Раз в октябре, когда без передыху целую неделю царапал душу мелкий дождь, когда ночи установились глухими и бесконечными, Степан, на беду свою, не был загружен отнимающей все силы работой. Сон пропал, память все настойчивее звала в прошлое, вновь и вновь выдвигала перед глазами жирный — не топтанный скотиной, не тронутый косцами — выгон, и серое пепелище — искалеченное свое село. В те тягостные дождливые ночи пришла на выручку выпивка…
Спервоначалу пил, лишь бы затуманить чересчур прозрачную свою память, забыться и повеселеть хотя бы на малое время. Постепенно дожил до запоя.
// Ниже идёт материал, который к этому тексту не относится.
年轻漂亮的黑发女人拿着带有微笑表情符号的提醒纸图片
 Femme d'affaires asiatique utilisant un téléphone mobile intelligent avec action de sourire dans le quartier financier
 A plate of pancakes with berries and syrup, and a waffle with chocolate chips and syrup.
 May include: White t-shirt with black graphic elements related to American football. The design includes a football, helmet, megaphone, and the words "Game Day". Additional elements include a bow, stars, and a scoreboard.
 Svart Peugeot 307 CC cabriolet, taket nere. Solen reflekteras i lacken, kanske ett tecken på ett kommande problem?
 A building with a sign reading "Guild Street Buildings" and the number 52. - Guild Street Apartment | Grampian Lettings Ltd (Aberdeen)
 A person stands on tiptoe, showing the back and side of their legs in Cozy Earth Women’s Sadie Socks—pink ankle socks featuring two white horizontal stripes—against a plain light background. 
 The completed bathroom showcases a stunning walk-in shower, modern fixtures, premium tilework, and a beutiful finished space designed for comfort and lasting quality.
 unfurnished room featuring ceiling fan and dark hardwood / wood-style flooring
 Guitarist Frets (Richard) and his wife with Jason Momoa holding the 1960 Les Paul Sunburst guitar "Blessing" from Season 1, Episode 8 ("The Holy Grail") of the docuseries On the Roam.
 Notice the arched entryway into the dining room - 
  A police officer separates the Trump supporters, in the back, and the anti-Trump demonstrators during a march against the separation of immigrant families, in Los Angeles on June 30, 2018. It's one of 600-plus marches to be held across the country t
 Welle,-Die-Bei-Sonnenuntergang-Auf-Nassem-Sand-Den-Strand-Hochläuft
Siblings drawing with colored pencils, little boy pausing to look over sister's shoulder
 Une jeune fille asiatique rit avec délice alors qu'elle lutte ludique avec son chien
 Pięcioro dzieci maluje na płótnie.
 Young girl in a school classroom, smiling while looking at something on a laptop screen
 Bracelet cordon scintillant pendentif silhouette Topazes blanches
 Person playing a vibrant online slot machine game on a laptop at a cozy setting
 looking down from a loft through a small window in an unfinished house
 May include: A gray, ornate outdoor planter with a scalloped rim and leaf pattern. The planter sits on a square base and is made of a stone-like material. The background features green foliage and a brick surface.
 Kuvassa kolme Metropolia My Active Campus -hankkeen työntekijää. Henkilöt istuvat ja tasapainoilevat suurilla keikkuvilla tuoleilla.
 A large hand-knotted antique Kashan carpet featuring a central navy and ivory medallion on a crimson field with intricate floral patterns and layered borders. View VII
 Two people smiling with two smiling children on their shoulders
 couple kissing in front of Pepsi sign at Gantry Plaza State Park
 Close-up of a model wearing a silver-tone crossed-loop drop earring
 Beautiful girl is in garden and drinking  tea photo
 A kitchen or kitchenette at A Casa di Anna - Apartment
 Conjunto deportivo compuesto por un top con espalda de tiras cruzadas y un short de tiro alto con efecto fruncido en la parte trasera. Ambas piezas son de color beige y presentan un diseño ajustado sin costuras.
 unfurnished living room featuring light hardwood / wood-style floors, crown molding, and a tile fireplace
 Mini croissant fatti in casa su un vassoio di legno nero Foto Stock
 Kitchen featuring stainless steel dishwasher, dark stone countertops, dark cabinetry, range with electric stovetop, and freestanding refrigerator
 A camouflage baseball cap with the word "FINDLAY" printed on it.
Дурная неотвязная болезнь… Весь вольный свет теряет свой смысл и значение, в жизни не становится ни целей, ни радостей, кроме одной — заглушить нутряной жар, притупить боль в висках и в затылке… Это тянется одиннадцать бесконечных дней и ночей, и одиннадцать дней и ночей во рту у Степана не бывает ни крошки съестного, он зарастает щетиной и худеет так, что еле узнают знакомые. Самый невыносимый — седьмой день; тогда все кажется то черным, то красным, будто бы стегают тебя по глазам то черной, то красной рубахою. С этого дня сердце что-то зажимает и держит-держит, не дает как надо вздохнуть, мешает лежать на левом боку. На седьмом дню Степан ковыляет к Егоровне и, у ног ее валяясь, памятью детей своих просит свезти его в вытрезвитель, в милицию или хоть к черту на рога. Сердечна, безотказна Егоровна: через нее и вытрезвители знает Степан, и в психиатрическую клинику, где больные чересчур суетливы, а их родственники разговаривают шепотом, водила она Степана, да все без толку, не помогало.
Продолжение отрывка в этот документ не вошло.